- Activity
Please reproduce the entries below exactly, leaving the pictures out.
______________________________
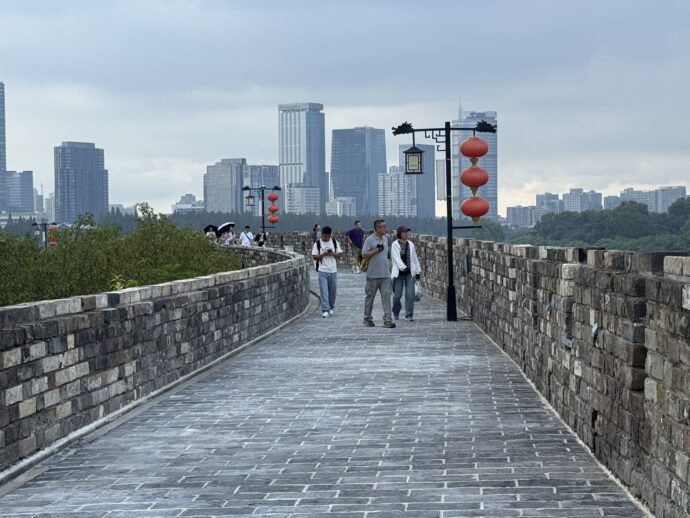 南京城壁の道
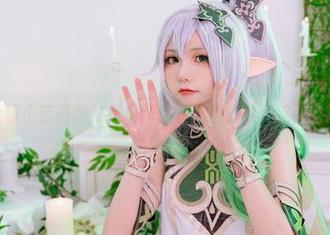 爆机少女喵小吉最新作品集：当女王遇上猫，这画面好奇怪。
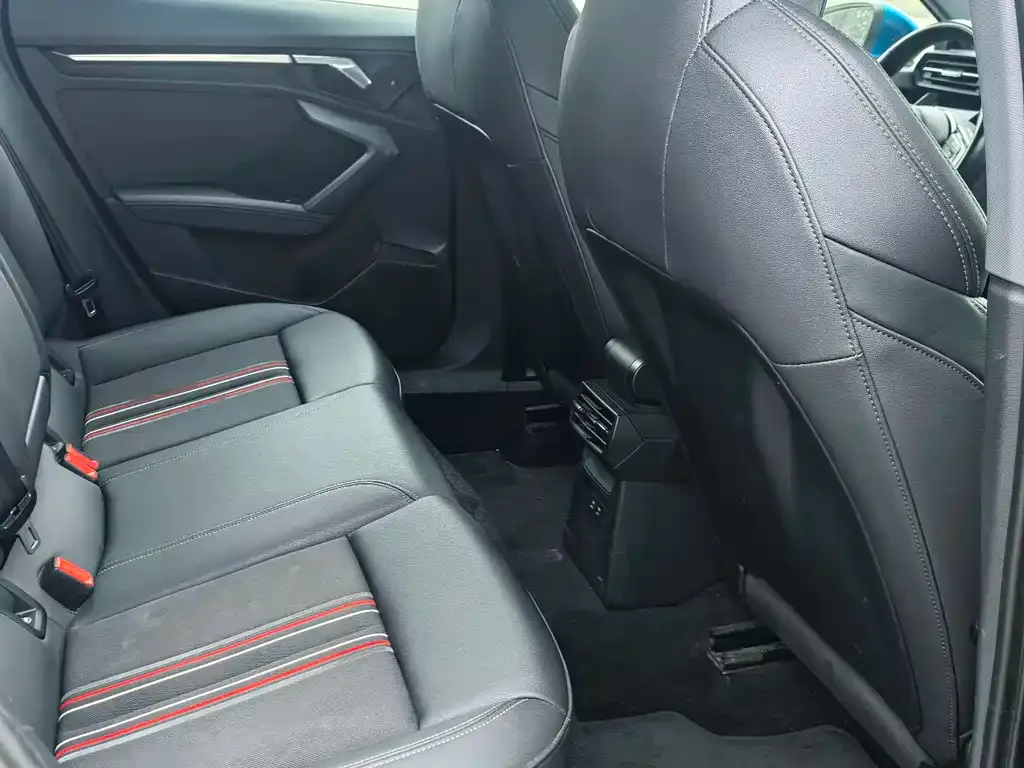 Audi A3 2022 из CN, фото 2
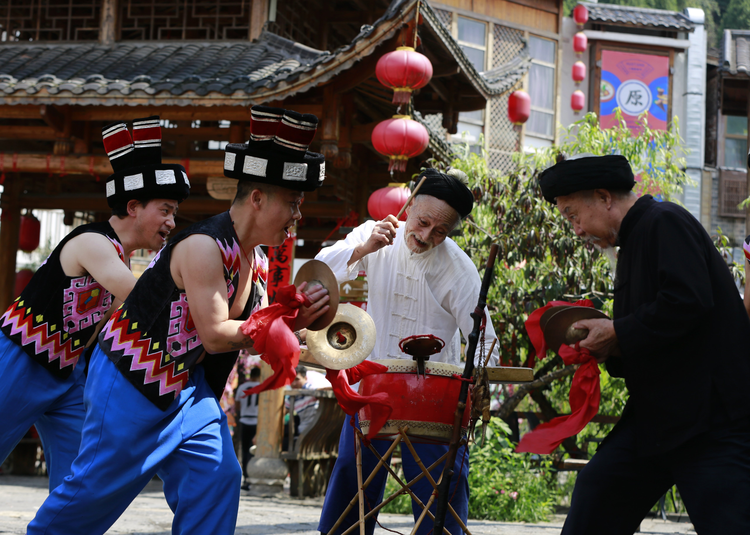 土家族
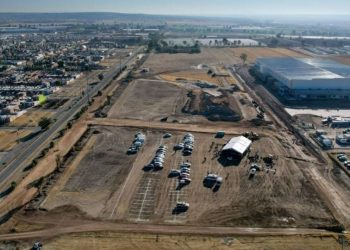 Inversión fija bruta en México cae 6.7% por retrocesos en construcción y maquinaria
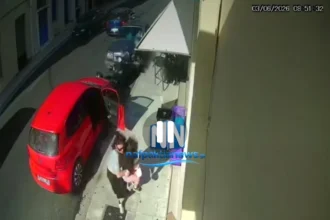 Δείτε βίντεο από το τρομακτικό τροχαίο στη Ναύπακτο: Μητέρα σώζει στο παρά… ένα το παιδί της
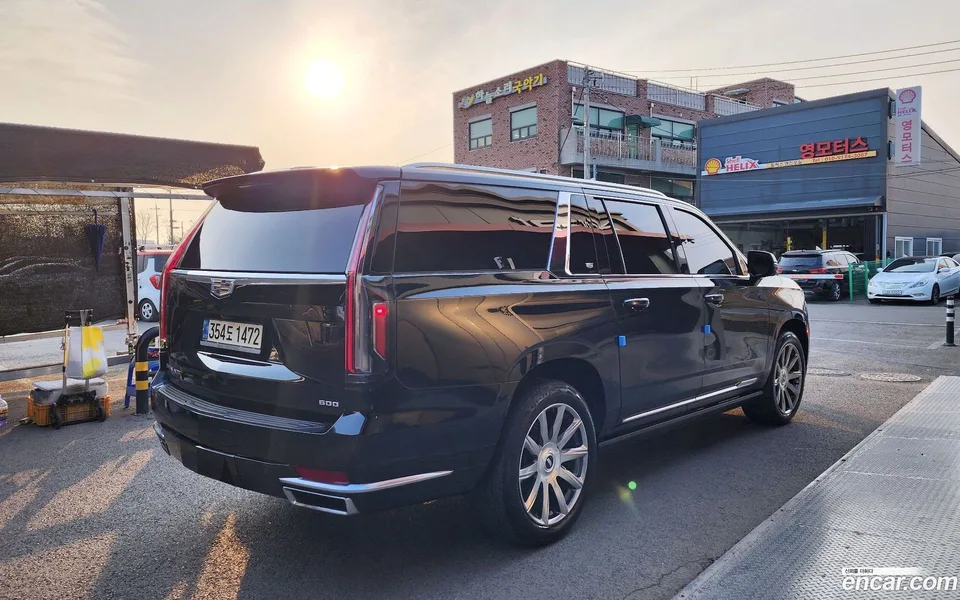 Cadillac Escalade 6.2 ESV 2022 — миниатюра 2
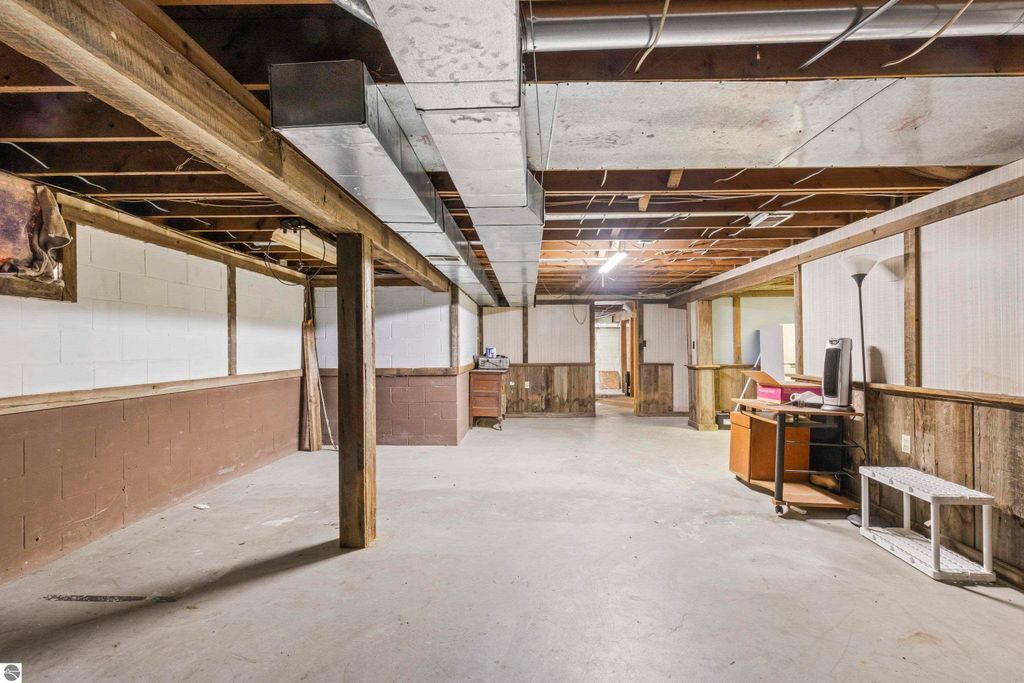 Image 26 of property listing at 16863 3rd Street, Copemish, MI 49625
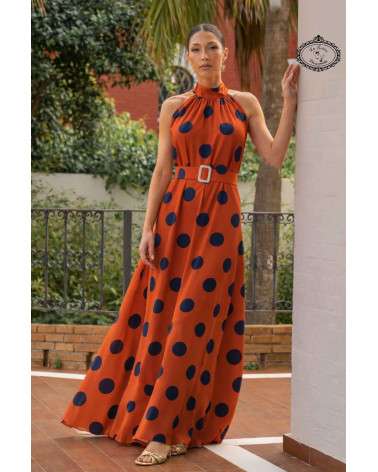 Vestido Eva largo teja con lunares marino y escote halter elegante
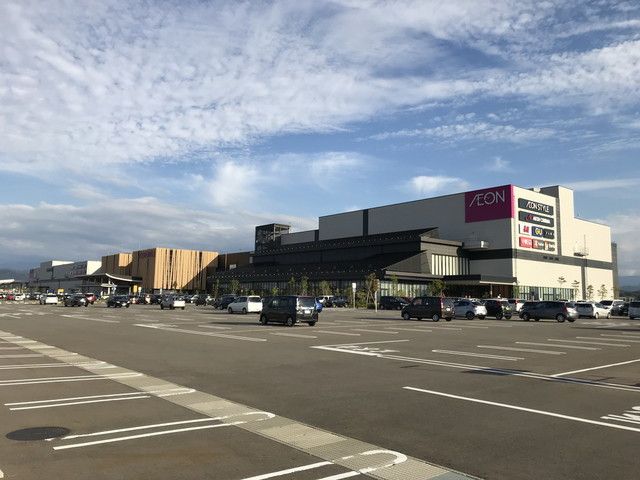 近くのイオンモール新小松まで1,100m(徒歩14分)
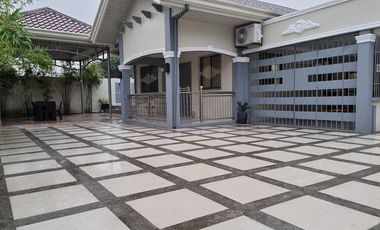 Bungalow House and Lot for sale with 4 bedrooms and pool in Arayat near to Magalang downtown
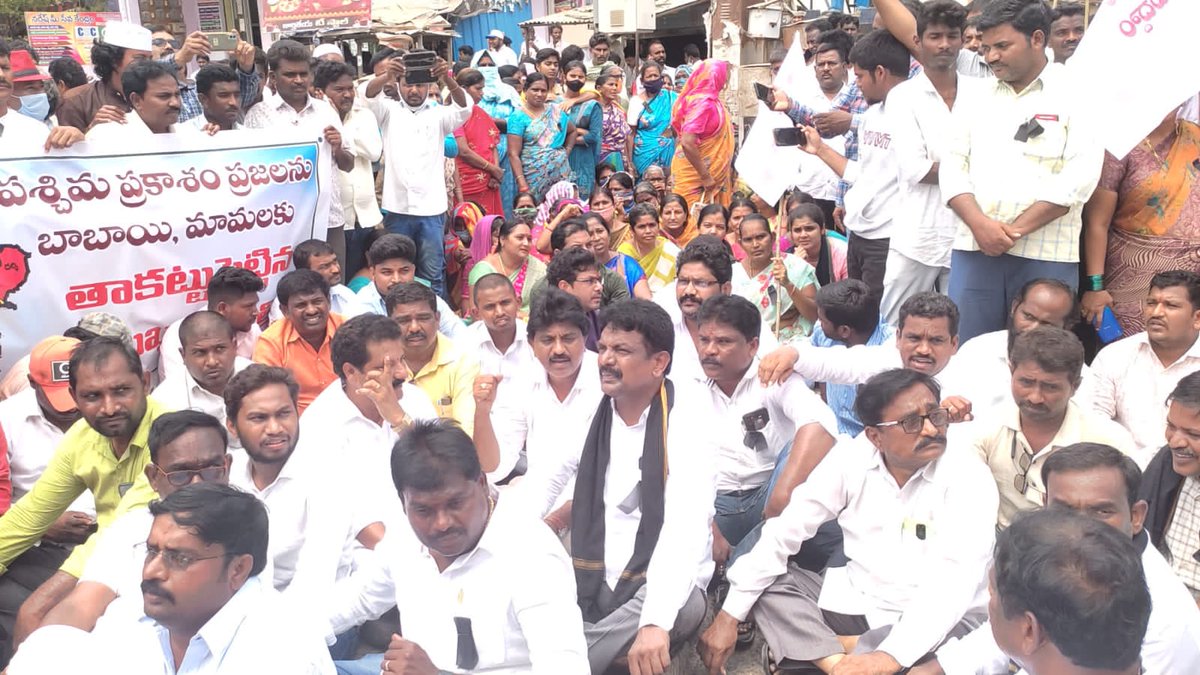 JanaSenaParty's tweet photo. పశ్చిమ ప్రాంతమైన మార్కాపురాన్ని జిల్లా కాకుండా తీవ్ర అన్యాయం చేసిన వైసీపీ ప్రభుత్వనికి వ్యతిరేకంగా జేఏసీ ఆధ్వర్యంలో జేఏసీ వైస్ చైర్మన్ మరియ జనసేన పార్టీ నియోజకవర్గ ఇంచార్జ్ ఇమ్మడి కాశీనాధ్ గారు భారీ జన సందోహంతో మార్కాపురం పట్టణంలోని ర్యాలీ నిర్వహించి, నిరసన కార్యక్రమం చేపట్టారు. https://t.co/lgVCV8zYWk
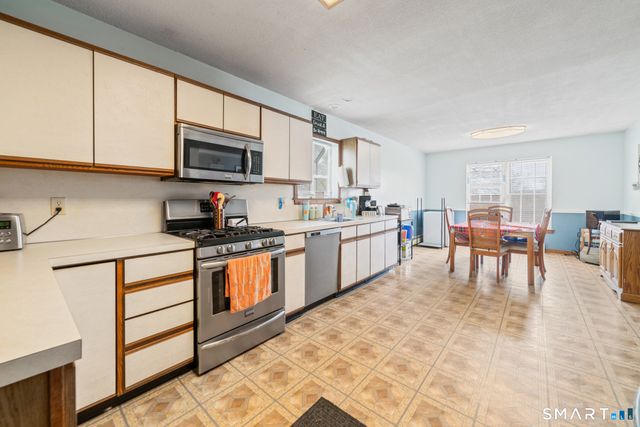 55 Sage Drive 55, Waterbury, CT 06704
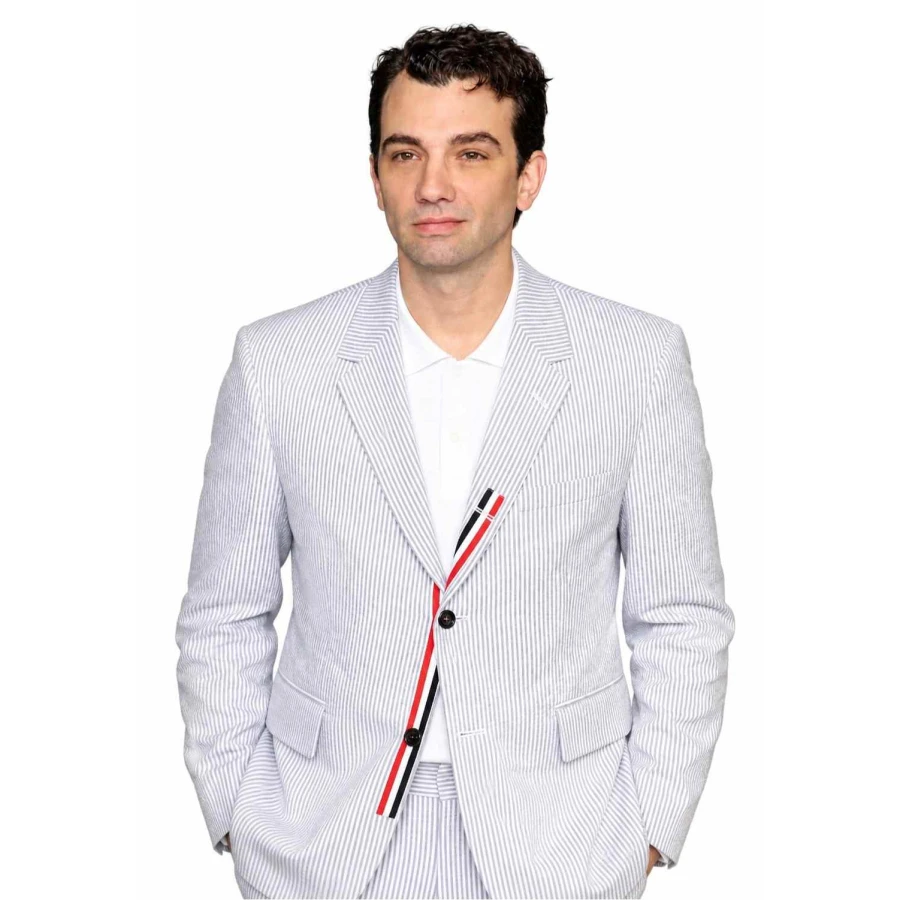 Tiny-Fugitives-2026-Jay-Baruchel-White-Striped-Blazer.webp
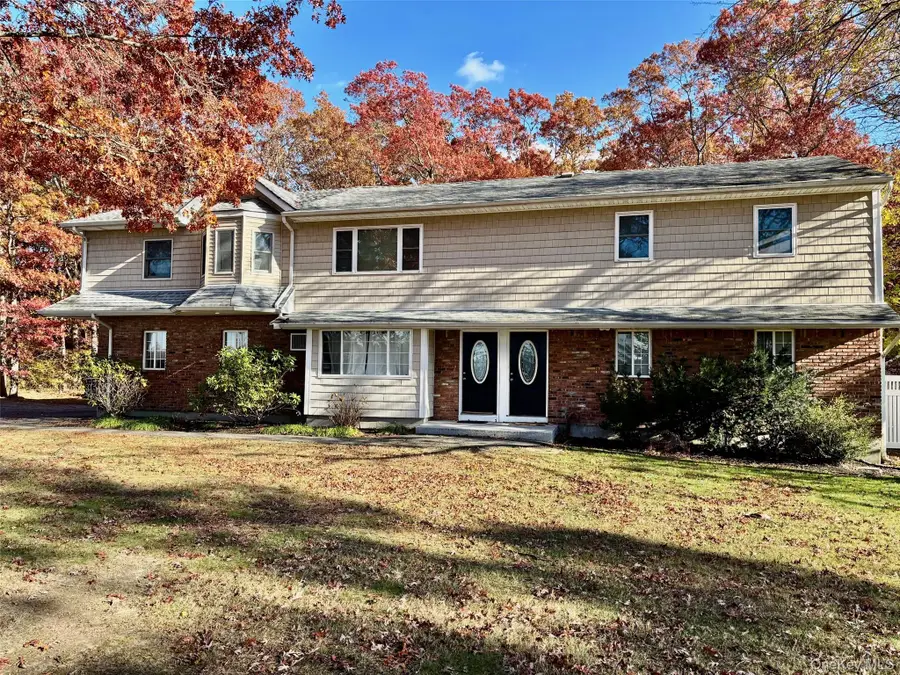 141-143 Oakdale Bohemia Road, Oakdale, NY 11769 - Image #2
______________________________
- Solution
 南京城壁の道
 爆机少女喵小吉最新作品集：当女王遇上猫，这画面好奇怪。
 Audi A3 2022 из CN, фото 2
 土家族
 Inversión fija bruta en México cae 6.7% por retrocesos en construcción y maquinaria
 Δείτε βίντεο από το τρομακτικό τροχαίο στη Ναύπακτο: Μητέρα σώζει στο παρά… ένα το παιδί της
 Cadillac Escalade 6.2 ESV 2022 — миниатюра 2
 Image 26 of property listing at 16863 3rd Street, Copemish, MI 49625
 Vestido Eva largo teja con lunares marino y escote halter elegante
 近くのイオンモール新小松まで1,100m(徒歩14分)
 Bungalow House and Lot for sale with 4 bedrooms and pool in Arayat near to Magalang downtown
 JanaSenaParty's tweet photo. పశ్చిమ ప్రాంతమైన మార్కాపురాన్ని జిల్లా కాకుండా తీవ్ర అన్యాయం చేసిన వైసీపీ ప్రభుత్వనికి వ్యతిరేకంగా జేఏసీ ఆధ్వర్యంలో జేఏసీ వైస్ చైర్మన్ మరియ జనసేన పార్టీ నియోజకవర్గ ఇంచార్జ్ ఇమ్మడి కాశీనాధ్ గారు భారీ జన సందోహంతో మార్కాపురం పట్టణంలోని ర్యాలీ నిర్వహించి, నిరసన కార్యక్రమం చేపట్టారు. https://t.co/lgVCV8zYWk
 55 Sage Drive 55, Waterbury, CT 06704
 Tiny-Fugitives-2026-Jay-Baruchel-White-Striped-Blazer.webp
 141-143 Oakdale Bohemia Road, Oakdale, NY 11769 - Image #2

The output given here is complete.